They're rated low. Kinda like how 225/40/18's are meant for a 9" wide wheel max, but we put them on 10's all the time.


----------



## windsorvr (Nov 23, 2004)

*Re: FV-QR (Capt. Obvious)*


_Quote, originally posted by *Capt. Obvious* »_They're rated low. Kinda like how 225/40/18's are meant for a 9" wide wheel max, but we put them on 10's all the time.









http://****************.com/smile/emthup.gif


----------



## dckeener (Jan 10, 2005)

*Re: FV-QR (windsorvr)*

The only problem with putting a trap after the tank is water will eventually collect in the tank, just like a in a shop setup, and that will have to be drained too.


----------



## Plain (Jun 14, 2004)

*FV-QR*

You never can be to safe.
water trap --> compressor --> water trap --> tank --> water trap --> fill-valve valve --> water trap --> bag --> water trap --> dump valve --> water trap


----------



## Dangler (Sep 27, 2001)

*FV-QR*

Thats a whole lotta water trap.


----------



## hellaSmoked (Nov 24, 2004)

*Re: FV-QR (Dangler)*

Since I'm going to run a tank drain wouldn't it be better for me to put the water trap between the tank and the valves, as opposed to between the compressors and the tank?


----------



## Plain (Jun 14, 2004)

*FV-QR*

Some tanks have 1/4" ports on the sides, so mount it 90º so the 1/4" is pointing down, then run a line straight down to a small valve, then have a switch at your dash or on your switchbox, that can open the valve, tank drains, life continues.


----------



## Plain (Jun 14, 2004)

*FV-QR*


_Quote, originally posted by *hellaSmoked* »_Since I'm going to run a tank drain wouldn't it be better for me to put the water trap between the tank and the valves, as opposed to between the compressors and the tank?


Yeah I think so, as long as there is a drain tank that would probably work good. I had my valves freeze open and shut, when they freeze open, they just keep filling the bag. A bit of antifreeze in the tank worked, would have been nice to have a tank drain to empty that stuff thou. I would have done a tank drain if I would have kept my car.


----------



## hellaSmoked (Nov 24, 2004)

*Re: FV-QR (Plain)*

I'm just talking about a drain like this... http://store.gaugemagazine.com/draincock14npt.aspx


----------



## Stan Marsh (Feb 20, 2005)

*FV-QR*


_Quote, originally posted by *hellaSmoked* »_I'm just talking about a drain like this... http://store.gaugemagazine.com/draincock14npt.aspx


I think he is talking about an electric tank drain.


----------



## hellaSmoked (Nov 24, 2004)

*Re: FV-QR (Stan Marsh)*


_Quote, originally posted by *Stan Marsh* »_
I think he is talking about an electric tank drain.

Yeah, I'm thinking that as well.

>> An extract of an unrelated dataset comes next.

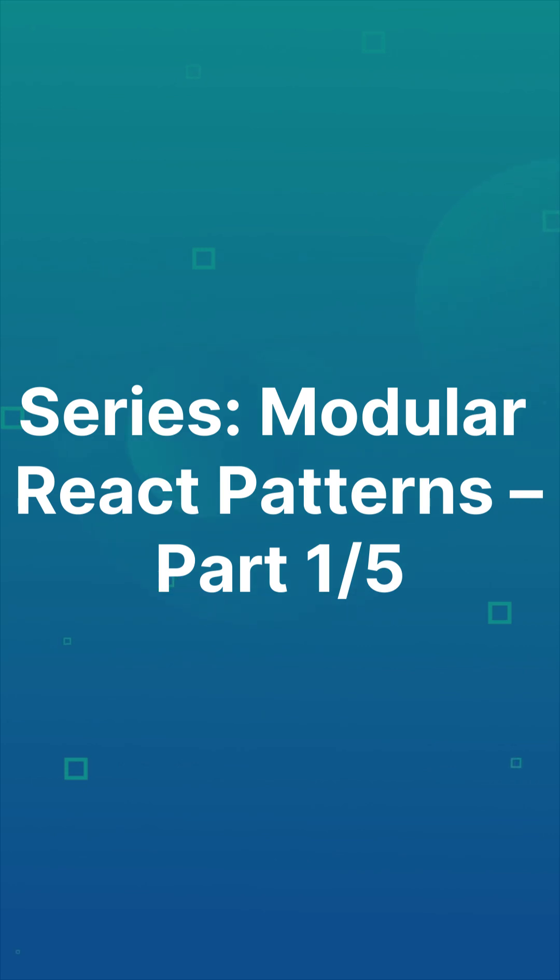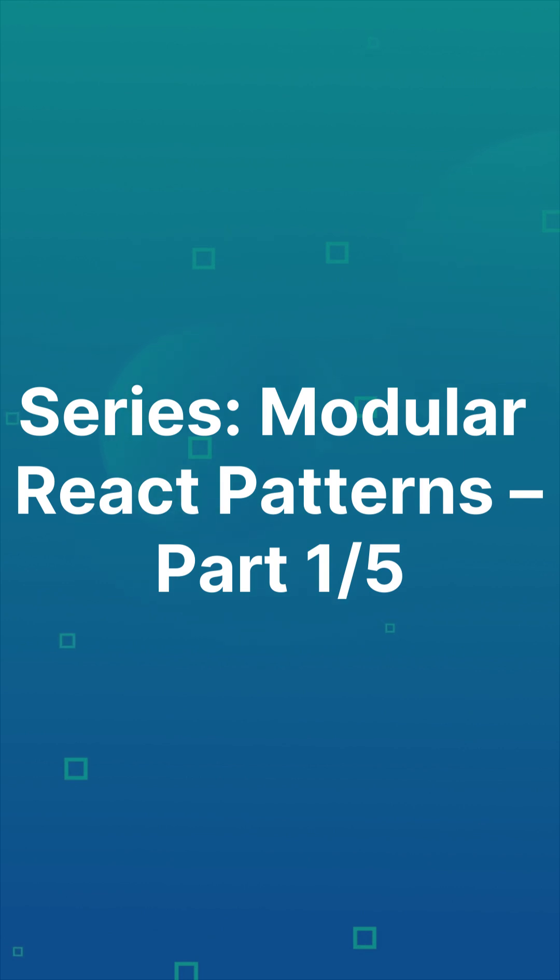This is part one of our modular React pattern series. Next, we'll go deeper with custom hooks that cut repetition and add flexibility. Like this video, follow for part two, and explore more about React.js and clean code practices.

I've decided to just run the WT between the comps and the tank. Everyone does it like this, and I haven't seen any major problems with it. I will run a tank drain anyway though.


----------



## Dangler (Sep 27, 2001)

*FV-QR*

Yeah... i decided to place the WT's between the tanks and comps. with drain cocks at the bottom of the tanks.
See how it holds up over the winter...if there is issues, i can always rearrange the setup. 
I went with 2x 3/8" SMC all metal water traps. picked them up from AAC and a bunch of fittings, super fast ship time also. 







to Kevin @ AAC


----------



## hellaSmoked (Nov 24, 2004)

*Re: FV-QR (Dangler)*

Yeah, seems like people's main goal is to put the trap before the tank to prevent water from entering the tank, as the valves seem to be able to pass water pretty well. http://****************.com/smile/emthup.gif


----------



## Ian K (Aug 25, 2003)

*Re: FV-QR (hellaSmoked)*


_Quote, originally posted by *hellaSmoked* »_Yeah, seems like people's main goal is to put the trap before the tank to prevent water from entering the tank, *as the valves seem to be able to pass water pretty well. * http://****************.com/smile/emthup.gif 

The valves most of us use are designed to flow oil, water, or air. It even says it on the papers included with the valves. As stated in the OP's post, the only real threat should be water freezing in temperatures cold enough.
Im not an airride pro, but this is what I have gathered from talking to a few people and personal experience.


----------



## hellaSmoked (Nov 24, 2004)

*Re: FV-QR (Boosted20th2886)*


_Quote, originally posted by *Boosted20th2886* »_
The valves most of us use are designed to flow oil, water, or air. It even says it on the papers included with the valves. As stated in the OP's post, the only real threat should be water freezing in temperatures cold enough.
Im not an airride pro, but this is what I have gathered from talking to a few people and personal experience.

Yeah, and even then it seems like adding some airbrake antifreeze fixes frozen valves right up. http://****************.com/smile/emthup.gif


----------



## Capt. Obvious (Oct 23, 2006)

*Re: FV-QR (hellaSmoked)*

In great Mother Russia, the water traps YOU!


----------



## hellaSmoked (Nov 24, 2004)

*Re: FV-QR (Capt. Obvious)*


_Quote, originally posted by *Capt. Obvious* »_In great Mother Russia, the water traps YOU!

Are you watching Family Guy?


----------